◆ **Assigned task**
Return each record shown beneath, word for word.
-=-=-=-=-
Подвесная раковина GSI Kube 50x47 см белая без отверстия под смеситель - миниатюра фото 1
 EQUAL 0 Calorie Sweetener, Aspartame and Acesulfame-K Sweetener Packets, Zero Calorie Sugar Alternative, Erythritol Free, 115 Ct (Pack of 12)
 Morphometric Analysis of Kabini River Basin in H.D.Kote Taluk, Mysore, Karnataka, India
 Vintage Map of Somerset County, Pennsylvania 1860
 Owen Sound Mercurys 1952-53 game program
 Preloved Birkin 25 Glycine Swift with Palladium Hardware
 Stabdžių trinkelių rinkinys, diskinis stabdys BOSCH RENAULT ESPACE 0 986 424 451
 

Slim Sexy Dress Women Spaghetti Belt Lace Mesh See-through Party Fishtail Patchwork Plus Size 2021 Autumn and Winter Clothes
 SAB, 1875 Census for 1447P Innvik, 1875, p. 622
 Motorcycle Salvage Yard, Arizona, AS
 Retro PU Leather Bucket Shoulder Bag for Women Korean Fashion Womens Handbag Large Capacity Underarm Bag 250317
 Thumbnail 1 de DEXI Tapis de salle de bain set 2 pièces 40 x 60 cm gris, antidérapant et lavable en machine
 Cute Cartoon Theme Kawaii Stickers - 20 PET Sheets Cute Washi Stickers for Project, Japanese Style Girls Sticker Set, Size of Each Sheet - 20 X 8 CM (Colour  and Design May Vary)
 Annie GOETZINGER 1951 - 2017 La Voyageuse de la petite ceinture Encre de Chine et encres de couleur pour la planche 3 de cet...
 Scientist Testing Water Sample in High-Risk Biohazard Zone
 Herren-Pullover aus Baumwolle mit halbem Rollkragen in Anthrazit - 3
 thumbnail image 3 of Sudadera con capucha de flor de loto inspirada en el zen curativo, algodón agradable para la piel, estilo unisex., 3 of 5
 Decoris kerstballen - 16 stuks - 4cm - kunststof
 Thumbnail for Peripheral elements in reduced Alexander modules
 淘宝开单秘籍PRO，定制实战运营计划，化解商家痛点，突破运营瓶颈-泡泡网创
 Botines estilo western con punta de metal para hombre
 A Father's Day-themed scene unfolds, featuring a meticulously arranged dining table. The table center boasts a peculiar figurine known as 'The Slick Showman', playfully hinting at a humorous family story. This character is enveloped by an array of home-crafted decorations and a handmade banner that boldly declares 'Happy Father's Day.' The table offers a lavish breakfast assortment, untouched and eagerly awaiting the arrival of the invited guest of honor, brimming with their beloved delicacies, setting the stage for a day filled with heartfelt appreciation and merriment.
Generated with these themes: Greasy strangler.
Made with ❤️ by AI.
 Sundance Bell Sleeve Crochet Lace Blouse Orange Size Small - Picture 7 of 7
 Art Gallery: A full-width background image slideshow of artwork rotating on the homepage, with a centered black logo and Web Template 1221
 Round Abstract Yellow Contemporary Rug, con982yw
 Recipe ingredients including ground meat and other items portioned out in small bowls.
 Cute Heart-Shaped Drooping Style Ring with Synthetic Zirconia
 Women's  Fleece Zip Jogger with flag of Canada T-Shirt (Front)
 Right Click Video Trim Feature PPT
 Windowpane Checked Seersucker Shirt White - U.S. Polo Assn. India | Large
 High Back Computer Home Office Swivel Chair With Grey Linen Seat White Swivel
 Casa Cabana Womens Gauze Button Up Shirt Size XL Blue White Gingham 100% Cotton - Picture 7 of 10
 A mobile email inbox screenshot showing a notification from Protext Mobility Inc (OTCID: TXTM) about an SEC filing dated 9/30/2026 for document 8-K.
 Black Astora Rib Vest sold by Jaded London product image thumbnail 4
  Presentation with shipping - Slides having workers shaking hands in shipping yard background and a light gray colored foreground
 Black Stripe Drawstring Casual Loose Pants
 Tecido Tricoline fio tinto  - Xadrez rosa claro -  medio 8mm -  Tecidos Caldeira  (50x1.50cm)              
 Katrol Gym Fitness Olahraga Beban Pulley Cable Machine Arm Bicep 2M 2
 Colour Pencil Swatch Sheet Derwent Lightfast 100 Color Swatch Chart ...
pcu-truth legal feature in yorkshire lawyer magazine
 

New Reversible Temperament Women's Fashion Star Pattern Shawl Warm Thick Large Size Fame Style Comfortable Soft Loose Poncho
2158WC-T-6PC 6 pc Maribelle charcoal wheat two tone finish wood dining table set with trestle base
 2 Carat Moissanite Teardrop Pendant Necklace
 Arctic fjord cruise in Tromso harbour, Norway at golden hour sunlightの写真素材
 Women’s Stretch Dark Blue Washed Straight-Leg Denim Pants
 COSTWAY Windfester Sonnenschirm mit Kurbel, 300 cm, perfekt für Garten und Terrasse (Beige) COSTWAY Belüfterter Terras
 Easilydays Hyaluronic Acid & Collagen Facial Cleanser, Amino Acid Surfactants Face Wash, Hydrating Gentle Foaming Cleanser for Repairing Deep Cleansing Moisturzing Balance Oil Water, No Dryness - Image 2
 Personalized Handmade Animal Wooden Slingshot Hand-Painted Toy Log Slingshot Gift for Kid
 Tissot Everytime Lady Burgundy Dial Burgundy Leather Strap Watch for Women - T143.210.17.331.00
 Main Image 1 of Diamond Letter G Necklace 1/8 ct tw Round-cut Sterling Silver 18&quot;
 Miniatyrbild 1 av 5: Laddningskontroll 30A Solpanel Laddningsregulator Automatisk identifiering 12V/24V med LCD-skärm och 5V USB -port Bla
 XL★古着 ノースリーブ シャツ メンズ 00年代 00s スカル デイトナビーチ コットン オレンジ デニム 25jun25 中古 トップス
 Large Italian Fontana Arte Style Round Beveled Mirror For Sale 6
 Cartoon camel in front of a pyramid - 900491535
-=-=-=-=-
◆ **Output below**
Подвесная раковина GSI Kube 50x47 см белая без отверстия под смеситель - миниатюра фото 1
 EQUAL 0 Calorie Sweetener, Aspartame and Acesulfame-K Sweetener Packets, Zero Calorie Sugar Alternative, Erythritol Free, 115 Ct (Pack of 12)
 Morphometric Analysis of Kabini River Basin in H.D.Kote Taluk, Mysore, Karnataka, India
 Vintage Map of Somerset County, Pennsylvania 1860
 Owen Sound Mercurys 1952-53 game program
 Preloved Birkin 25 Glycine Swift with Palladium Hardware
 Stabdžių trinkelių rinkinys, diskinis stabdys BOSCH RENAULT ESPACE 0 986 424 451
 

Slim Sexy Dress Women Spaghetti Belt Lace Mesh See-through Party Fishtail Patchwork Plus Size 2021 Autumn and Winter Clothes
 SAB, 1875 Census for 1447P Innvik, 1875, p. 622
 Motorcycle Salvage Yard, Arizona, AS
 Retro PU Leather Bucket Shoulder Bag for Women Korean Fashion Womens Handbag Large Capacity Underarm Bag 250317
 Thumbnail 1 de DEXI Tapis de salle de bain set 2 pièces 40 x 60 cm gris, antidérapant et lavable en machine
 Cute Cartoon Theme Kawaii Stickers - 20 PET Sheets Cute Washi Stickers for Project, Japanese Style Girls Sticker Set, Size of Each Sheet - 20 X 8 CM (Colour  and Design May Vary)
 Annie GOETZINGER 1951 - 2017 La Voyageuse de la petite ceinture Encre de Chine et encres de couleur pour la planche 3 de cet...
 Scientist Testing Water Sample in High-Risk Biohazard Zone
 Herren-Pullover aus Baumwolle mit halbem Rollkragen in Anthrazit - 3
 thumbnail image 3 of Sudadera con capucha de flor de loto inspirada en el zen curativo, algodón agradable para la piel, estilo unisex., 3 of 5
 Decoris kerstballen - 16 stuks - 4cm - kunststof
 Thumbnail for Peripheral elements in reduced Alexander modules
 淘宝开单秘籍PRO，定制实战运营计划，化解商家痛点，突破运营瓶颈-泡泡网创
 Botines estilo western con punta de metal para hombre
 A Father's Day-themed scene unfolds, featuring a meticulously arranged dining table. The table center boasts a peculiar figurine known as 'The Slick Showman', playfully hinting at a humorous family story. This character is enveloped by an array of home-crafted decorations and a handmade banner that boldly declares 'Happy Father's Day.' The table offers a lavish breakfast assortment, untouched and eagerly awaiting the arrival of the invited guest of honor, brimming with their beloved delicacies, setting the stage for a day filled with heartfelt appreciation and merriment.
Generated with these themes: Greasy strangler.
Made with ❤️ by AI.
 Sundance Bell Sleeve Crochet Lace Blouse Orange Size Small - Picture 7 of 7
 Art Gallery: A full-width background image slideshow of artwork rotating on the homepage, with a centered black logo and Web Template 1221
 Round Abstract Yellow Contemporary Rug, con982yw
 Recipe ingredients including ground meat and other items portioned out in small bowls.
 Cute Heart-Shaped Drooping Style Ring with Synthetic Zirconia
 Women's  Fleece Zip Jogger with flag of Canada T-Shirt (Front)
 Right Click Video Trim Feature PPT
 Windowpane Checked Seersucker Shirt White - U.S. Polo Assn. India | Large
 High Back Computer Home Office Swivel Chair With Grey Linen Seat White Swivel
 Casa Cabana Womens Gauze Button Up Shirt Size XL Blue White Gingham 100% Cotton - Picture 7 of 10
 A mobile email inbox screenshot showing a notification from Protext Mobility Inc (OTCID: TXTM) about an SEC filing dated 9/30/2026 for document 8-K.
 Black Astora Rib Vest sold by Jaded London product image thumbnail 4
  Presentation with shipping - Slides having workers shaking hands in shipping yard background and a light gray colored foreground
 Black Stripe Drawstring Casual Loose Pants
 Tecido Tricoline fio tinto  - Xadrez rosa claro -  medio 8mm -  Tecidos Caldeira  (50x1.50cm)              
 Katrol Gym Fitness Olahraga Beban Pulley Cable Machine Arm Bicep 2M 2
 Colour Pencil Swatch Sheet Derwent Lightfast 100 Color Swatch Chart ...
pcu-truth legal feature in yorkshire lawyer magazine
 

New Reversible Temperament Women's Fashion Star Pattern Shawl Warm Thick Large Size Fame Style Comfortable Soft Loose Poncho
2158WC-T-6PC 6 pc Maribelle charcoal wheat two tone finish wood dining table set with trestle base
 2 Carat Moissanite Teardrop Pendant Necklace
 Arctic fjord cruise in Tromso harbour, Norway at golden hour sunlightの写真素材
 Women’s Stretch Dark Blue Washed Straight-Leg Denim Pants
 COSTWAY Windfester Sonnenschirm mit Kurbel, 300 cm, perfekt für Garten und Terrasse (Beige) COSTWAY Belüfterter Terras
 Easilydays Hyaluronic Acid & Collagen Facial Cleanser, Amino Acid Surfactants Face Wash, Hydrating Gentle Foaming Cleanser for Repairing Deep Cleansing Moisturzing Balance Oil Water, No Dryness - Image 2
 Personalized Handmade Animal Wooden Slingshot Hand-Painted Toy Log Slingshot Gift for Kid
 Tissot Everytime Lady Burgundy Dial Burgundy Leather Strap Watch for Women - T143.210.17.331.00
 Main Image 1 of Diamond Letter G Necklace 1/8 ct tw Round-cut Sterling Silver 18&quot;
 Miniatyrbild 1 av 5: Laddningskontroll 30A Solpanel Laddningsregulator Automatisk identifiering 12V/24V med LCD-skärm och 5V USB -port Bla
 XL★古着 ノースリーブ シャツ メンズ 00年代 00s スカル デイトナビーチ コットン オレンジ デニム 25jun25 中古 トップス
 Large Italian Fontana Arte Style Round Beveled Mirror For Sale 6
 Cartoon camel in front of a pyramid - 900491535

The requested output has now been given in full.